--- START ---

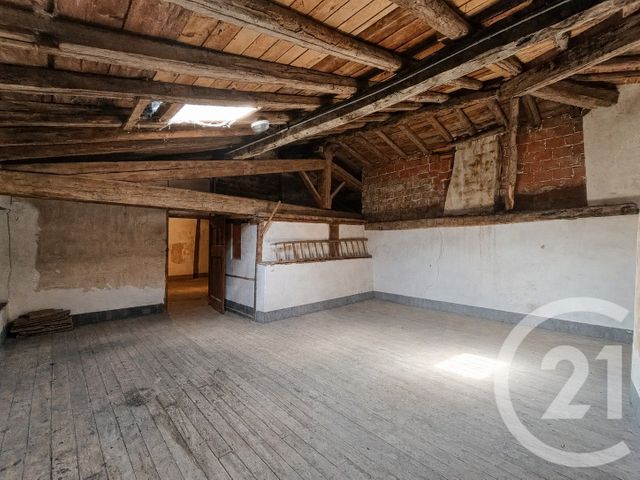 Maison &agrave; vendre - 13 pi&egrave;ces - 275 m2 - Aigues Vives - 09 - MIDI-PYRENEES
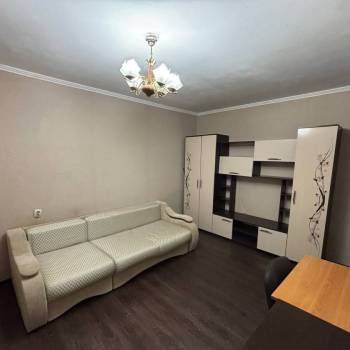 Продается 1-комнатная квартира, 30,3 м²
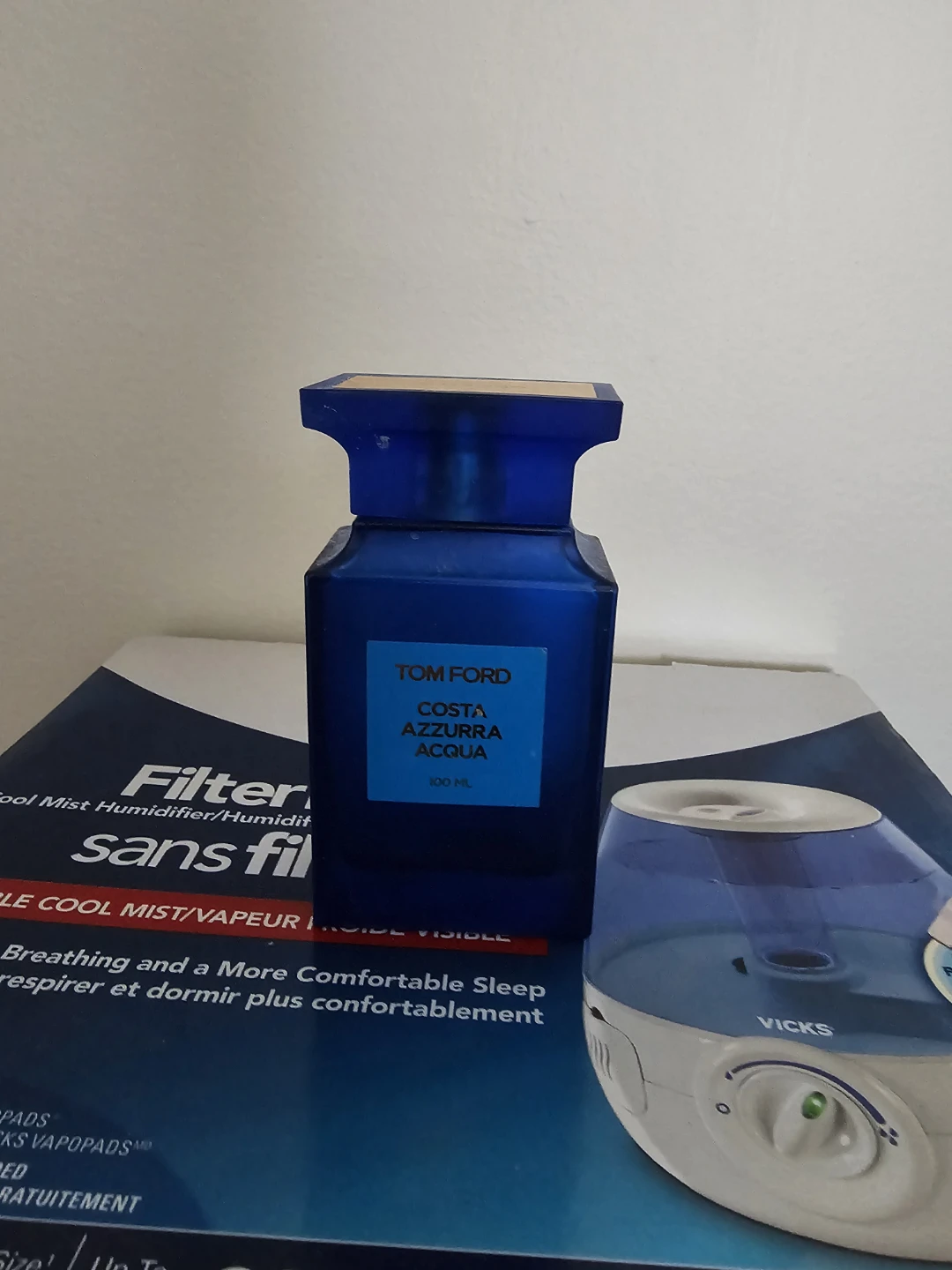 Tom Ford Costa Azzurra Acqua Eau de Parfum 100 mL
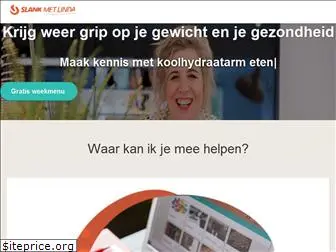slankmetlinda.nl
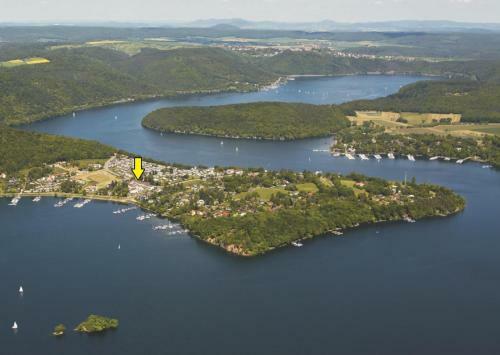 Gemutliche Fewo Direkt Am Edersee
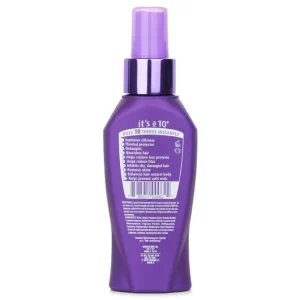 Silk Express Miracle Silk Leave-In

--- END ---

Reproduce verbatim, and only, the lines starting at the one that contains "slankmetlinda.nl" and ending with the final line of the records; leave out the pictures.

(RESPONSE TO THE EXERCISE)
slankmetlinda.nl
 Gemutliche Fewo Direkt Am Edersee
 Silk Express Miracle Silk Leave-In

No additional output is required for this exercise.